* PROBLEM TO SOLVE
After locating the line containing "Producto - Huiña / Güiña (Leopardus guigna)", transcribe that line and all following lines exactly, stopping only at the end of the records.

* SOURCE MATERIAL
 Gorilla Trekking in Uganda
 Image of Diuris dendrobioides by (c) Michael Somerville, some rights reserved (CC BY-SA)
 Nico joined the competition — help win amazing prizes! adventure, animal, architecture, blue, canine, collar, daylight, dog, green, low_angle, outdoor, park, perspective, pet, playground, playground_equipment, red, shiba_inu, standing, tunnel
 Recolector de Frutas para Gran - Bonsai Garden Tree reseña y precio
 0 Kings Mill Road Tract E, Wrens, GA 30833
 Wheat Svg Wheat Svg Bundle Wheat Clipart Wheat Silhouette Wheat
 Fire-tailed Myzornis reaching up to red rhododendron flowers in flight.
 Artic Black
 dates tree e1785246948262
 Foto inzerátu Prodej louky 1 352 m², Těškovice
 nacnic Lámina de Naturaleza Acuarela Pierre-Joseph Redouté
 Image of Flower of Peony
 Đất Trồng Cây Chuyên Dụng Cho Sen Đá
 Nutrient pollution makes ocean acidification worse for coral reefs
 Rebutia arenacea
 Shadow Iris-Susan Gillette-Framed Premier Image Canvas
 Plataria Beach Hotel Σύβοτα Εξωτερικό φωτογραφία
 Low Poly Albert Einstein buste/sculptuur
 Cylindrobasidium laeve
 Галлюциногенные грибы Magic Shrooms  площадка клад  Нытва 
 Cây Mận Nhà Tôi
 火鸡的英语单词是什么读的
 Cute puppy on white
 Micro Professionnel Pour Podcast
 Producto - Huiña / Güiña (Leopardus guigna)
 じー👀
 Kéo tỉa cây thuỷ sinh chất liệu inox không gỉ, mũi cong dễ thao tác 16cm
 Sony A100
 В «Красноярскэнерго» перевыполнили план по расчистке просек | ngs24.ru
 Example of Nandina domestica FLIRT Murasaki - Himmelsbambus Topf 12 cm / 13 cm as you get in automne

* SOLUTION TO THE PROBLEM
 Producto - Huiña / Güiña (Leopardus guigna)
 じー👀
 Kéo tỉa cây thuỷ sinh chất liệu inox không gỉ, mũi cong dễ thao tác 16cm
 Sony A100
 В «Красноярскэнерго» перевыполнили план по расчистке просек | ngs24.ru
 Example of Nandina domestica FLIRT Murasaki - Himmelsbambus Topf 12 cm / 13 cm as you get in automne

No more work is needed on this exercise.